• **Work order**
Please retype the data in full, exactly as given.

(Items from a data source)
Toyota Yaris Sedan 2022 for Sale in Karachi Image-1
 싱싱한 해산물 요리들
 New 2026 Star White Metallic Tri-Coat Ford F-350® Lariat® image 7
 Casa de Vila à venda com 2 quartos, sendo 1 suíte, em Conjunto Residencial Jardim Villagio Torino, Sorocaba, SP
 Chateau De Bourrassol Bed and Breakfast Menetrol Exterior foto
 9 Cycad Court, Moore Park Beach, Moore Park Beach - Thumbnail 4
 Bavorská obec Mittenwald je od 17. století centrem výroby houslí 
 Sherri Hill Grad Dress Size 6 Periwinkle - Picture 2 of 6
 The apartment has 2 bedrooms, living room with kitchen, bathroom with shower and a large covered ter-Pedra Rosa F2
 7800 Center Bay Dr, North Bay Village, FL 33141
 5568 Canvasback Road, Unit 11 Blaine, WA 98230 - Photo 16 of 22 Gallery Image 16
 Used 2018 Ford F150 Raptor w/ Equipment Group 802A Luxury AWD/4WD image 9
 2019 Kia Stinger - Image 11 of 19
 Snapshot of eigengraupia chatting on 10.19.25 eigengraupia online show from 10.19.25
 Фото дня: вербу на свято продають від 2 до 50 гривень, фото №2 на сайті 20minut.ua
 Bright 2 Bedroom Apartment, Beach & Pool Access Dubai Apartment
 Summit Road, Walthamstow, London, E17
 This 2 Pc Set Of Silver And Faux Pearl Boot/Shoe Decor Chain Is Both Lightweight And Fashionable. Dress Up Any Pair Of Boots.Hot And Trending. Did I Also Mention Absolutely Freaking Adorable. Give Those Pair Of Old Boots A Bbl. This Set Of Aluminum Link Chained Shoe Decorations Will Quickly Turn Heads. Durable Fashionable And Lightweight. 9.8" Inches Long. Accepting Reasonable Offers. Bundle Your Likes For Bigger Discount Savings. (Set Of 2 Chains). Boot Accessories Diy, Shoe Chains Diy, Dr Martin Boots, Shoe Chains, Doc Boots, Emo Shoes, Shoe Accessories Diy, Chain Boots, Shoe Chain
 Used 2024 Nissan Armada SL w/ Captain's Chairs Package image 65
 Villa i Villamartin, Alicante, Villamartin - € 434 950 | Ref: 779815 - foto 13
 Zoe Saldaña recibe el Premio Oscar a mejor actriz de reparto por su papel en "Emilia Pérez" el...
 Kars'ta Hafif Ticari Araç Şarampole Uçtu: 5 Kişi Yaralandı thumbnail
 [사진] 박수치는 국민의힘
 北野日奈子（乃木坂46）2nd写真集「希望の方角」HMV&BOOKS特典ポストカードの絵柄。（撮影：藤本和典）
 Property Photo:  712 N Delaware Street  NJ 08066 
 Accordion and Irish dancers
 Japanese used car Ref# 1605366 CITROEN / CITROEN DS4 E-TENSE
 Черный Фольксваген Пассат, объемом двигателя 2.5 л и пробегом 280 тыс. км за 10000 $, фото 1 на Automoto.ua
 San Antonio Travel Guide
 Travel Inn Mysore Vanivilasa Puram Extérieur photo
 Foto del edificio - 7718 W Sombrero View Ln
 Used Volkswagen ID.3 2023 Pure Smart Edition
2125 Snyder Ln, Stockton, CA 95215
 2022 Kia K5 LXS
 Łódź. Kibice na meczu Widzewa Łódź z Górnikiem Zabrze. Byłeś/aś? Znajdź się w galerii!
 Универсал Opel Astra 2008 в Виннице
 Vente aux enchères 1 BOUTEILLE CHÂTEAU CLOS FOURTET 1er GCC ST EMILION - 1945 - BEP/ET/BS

• **Task solution**
Toyota Yaris Sedan 2022 for Sale in Karachi Image-1
 싱싱한 해산물 요리들
 New 2026 Star White Metallic Tri-Coat Ford F-350® Lariat® image 7
 Casa de Vila à venda com 2 quartos, sendo 1 suíte, em Conjunto Residencial Jardim Villagio Torino, Sorocaba, SP
 Chateau De Bourrassol Bed and Breakfast Menetrol Exterior foto
 9 Cycad Court, Moore Park Beach, Moore Park Beach - Thumbnail 4
 Bavorská obec Mittenwald je od 17. století centrem výroby houslí 
 Sherri Hill Grad Dress Size 6 Periwinkle - Picture 2 of 6
 The apartment has 2 bedrooms, living room with kitchen, bathroom with shower and a large covered ter-Pedra Rosa F2
 7800 Center Bay Dr, North Bay Village, FL 33141
 5568 Canvasback Road, Unit 11 Blaine, WA 98230 - Photo 16 of 22 Gallery Image 16
 Used 2018 Ford F150 Raptor w/ Equipment Group 802A Luxury AWD/4WD image 9
 2019 Kia Stinger - Image 11 of 19
 Snapshot of eigengraupia chatting on 10.19.25 eigengraupia online show from 10.19.25
 Фото дня: вербу на свято продають від 2 до 50 гривень, фото №2 на сайті 20minut.ua
 Bright 2 Bedroom Apartment, Beach & Pool Access Dubai Apartment
 Summit Road, Walthamstow, London, E17
 This 2 Pc Set Of Silver And Faux Pearl Boot/Shoe Decor Chain Is Both Lightweight And Fashionable. Dress Up Any Pair Of Boots.Hot And Trending. Did I Also Mention Absolutely Freaking Adorable. Give Those Pair Of Old Boots A Bbl. This Set Of Aluminum Link Chained Shoe Decorations Will Quickly Turn Heads. Durable Fashionable And Lightweight. 9.8" Inches Long. Accepting Reasonable Offers. Bundle Your Likes For Bigger Discount Savings. (Set Of 2 Chains). Boot Accessories Diy, Shoe Chains Diy, Dr Martin Boots, Shoe Chains, Doc Boots, Emo Shoes, Shoe Accessories Diy, Chain Boots, Shoe Chain
 Used 2024 Nissan Armada SL w/ Captain's Chairs Package image 65
 Villa i Villamartin, Alicante, Villamartin - € 434 950 | Ref: 779815 - foto 13
 Zoe Saldaña recibe el Premio Oscar a mejor actriz de reparto por su papel en "Emilia Pérez" el...
 Kars'ta Hafif Ticari Araç Şarampole Uçtu: 5 Kişi Yaralandı thumbnail
 [사진] 박수치는 국민의힘
 北野日奈子（乃木坂46）2nd写真集「希望の方角」HMV&BOOKS特典ポストカードの絵柄。（撮影：藤本和典）
 Property Photo:  712 N Delaware Street  NJ 08066 
 Accordion and Irish dancers
 Japanese used car Ref# 1605366 CITROEN / CITROEN DS4 E-TENSE
 Черный Фольксваген Пассат, объемом двигателя 2.5 л и пробегом 280 тыс. км за 10000 $, фото 1 на Automoto.ua
 San Antonio Travel Guide
 Travel Inn Mysore Vanivilasa Puram Extérieur photo
 Foto del edificio - 7718 W Sombrero View Ln
 Used Volkswagen ID.3 2023 Pure Smart Edition
2125 Snyder Ln, Stockton, CA 95215
 2022 Kia K5 LXS
 Łódź. Kibice na meczu Widzewa Łódź z Górnikiem Zabrze. Byłeś/aś? Znajdź się w galerii!
 Универсал Opel Astra 2008 в Виннице
 Vente aux enchères 1 BOUTEILLE CHÂTEAU CLOS FOURTET 1er GCC ST EMILION - 1945 - BEP/ET/BS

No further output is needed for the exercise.